**** COLLECTED DATA ****
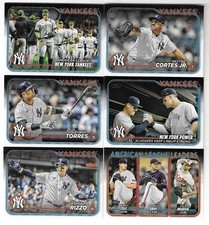 2024 Topps Series 1 & 2 Baseball 100 Team Set Lot 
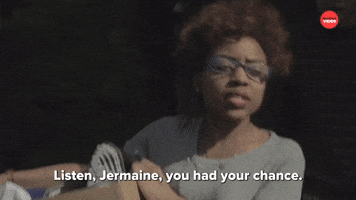 You Had Your Chance
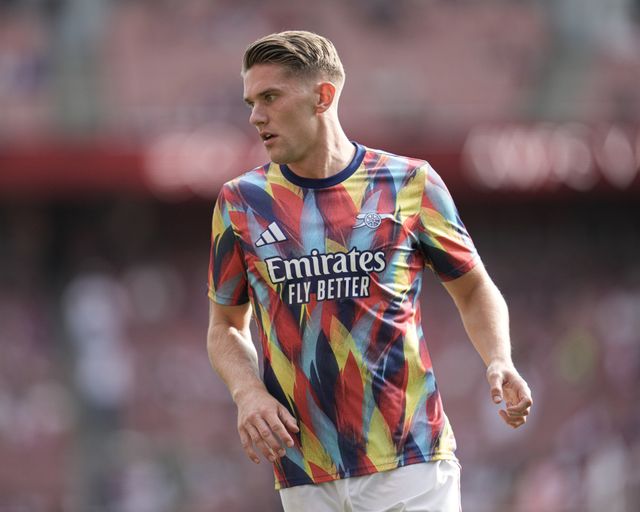 Viktor Gyokeres of Arsenal ahead of the Pre-season friendly match Arsenal vs Villarreal at Emirates Stadium, London, United Kingdom, 6th August 2025

(Photo by Harvey Murphy/News Images)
****
#### [EXERCISE PROMPT]
Could you output the listing word for word, omitting every picture?

#### [WRITTEN RESPONSE]
 2024 Topps Series 1 & 2 Baseball 100 Team Set Lot 
 You Had Your Chance
 Viktor Gyokeres of Arsenal ahead of the Pre-season friendly match Arsenal vs Villarreal at Emirates Stadium, London, United Kingdom, 6th August 2025

(Photo by Harvey Murphy/News Images)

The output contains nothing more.